Question

Let ABC be a triangle and D and E be two points on side AB such that AD = BE. If $DP\parallel BC$ and $EQ\parallel AC$, then prove that $PQ\parallel AB$.

Answer 1

Hint: Let’s recall the theorem of basic proportionality, also known as Thales theorem. The theorem states that, if a line is drawn parallel to one side of the triangle intersecting the other two sides, then the line cuts the sides of a triangle in the same ratio. Here, ABC is a triangle with two points D and E on side AB. Given that, $DP\parallel BC$ and $EQ\parallel AC$. Therefore, by theorem of basic proportionality, $\dfrac{{AD}}{{DB}} = \dfrac{{AP}}{{PC}}$ and $\dfrac{{BE}}{{EA}} = \dfrac{{BQ}}{{QC}}$. Now, AD = BE , given. Therefore equate these relations and proceed.

Complete step-by-step solution:
Let us recall the theorem of basic proportionality, also known as Thales theorem. The theorem states that, if a line is drawn parallel to one side of the triangle intersecting the other two sides, then the line cuts the sides of a triangle in the same ratio.

Now, given that ABC is a triangle with two points D and E on side AB.
Also, $DP\parallel BC$
Therefore, by theorem of basic proportionality, we have $\dfrac{{AD}}{{DB}} = \dfrac{{AP}}{{PC}}$ ……….…(1)
Again, $EQ\parallel AC$
Therefore, $\dfrac{{BE}}{{EA}} = \dfrac{{BQ}}{{QC}}$ ……….…(2)
Now, AD = BE , given.
$\Rightarrow$ AD + DE = BE + DE
$\Rightarrow$ EA = BD
Now, substituting AD with BE and BD with EA in equation (1), we get
 $\dfrac{{AD}}{{DB}} = \dfrac{{BE}}{{EA}} = \dfrac{{AP}}{{PC}} = \dfrac{{BQ}}{{QC}}$
$\Rightarrow$ $\dfrac{{AP}}{{PC}} = \dfrac{{BQ}}{{QC}}$
$\Rightarrow$ P and Q divide the sides of the triangle ABC in the same ratio.
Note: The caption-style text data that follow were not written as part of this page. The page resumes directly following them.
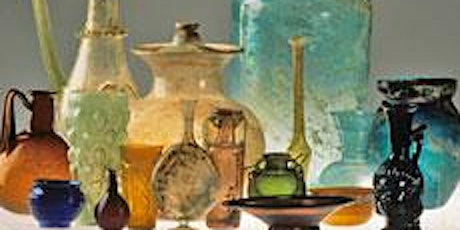 A Brief History of Glass Art - a lecture presentation primary image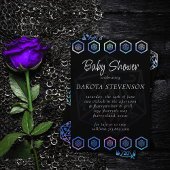 RPG Dice | Aurora Fantasy Tafelblad Gamer Shower Kaart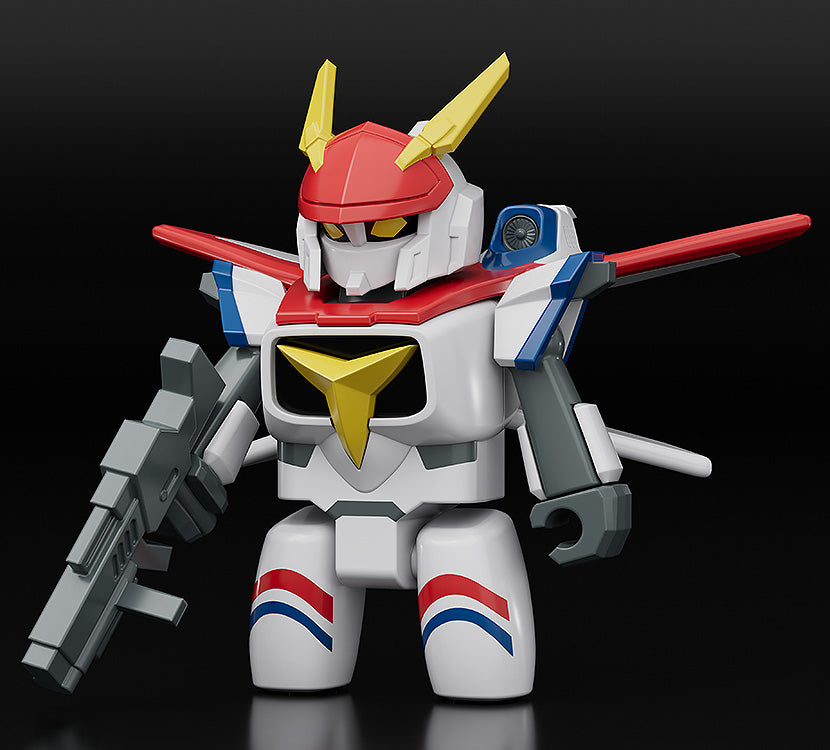 Metal Armor Dragonar BRICKROID Dragonar-1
Therefore, by the converse of the theorem of basic proportionality, we have $PQ\parallel AB$.

Note: The theorem of basic proportionality is also known as Thales theorem. The theorem states that, if a line is drawn parallel to one side of the triangle intersecting the other two sides, then the line cuts the sides of a triangle in the same ratio.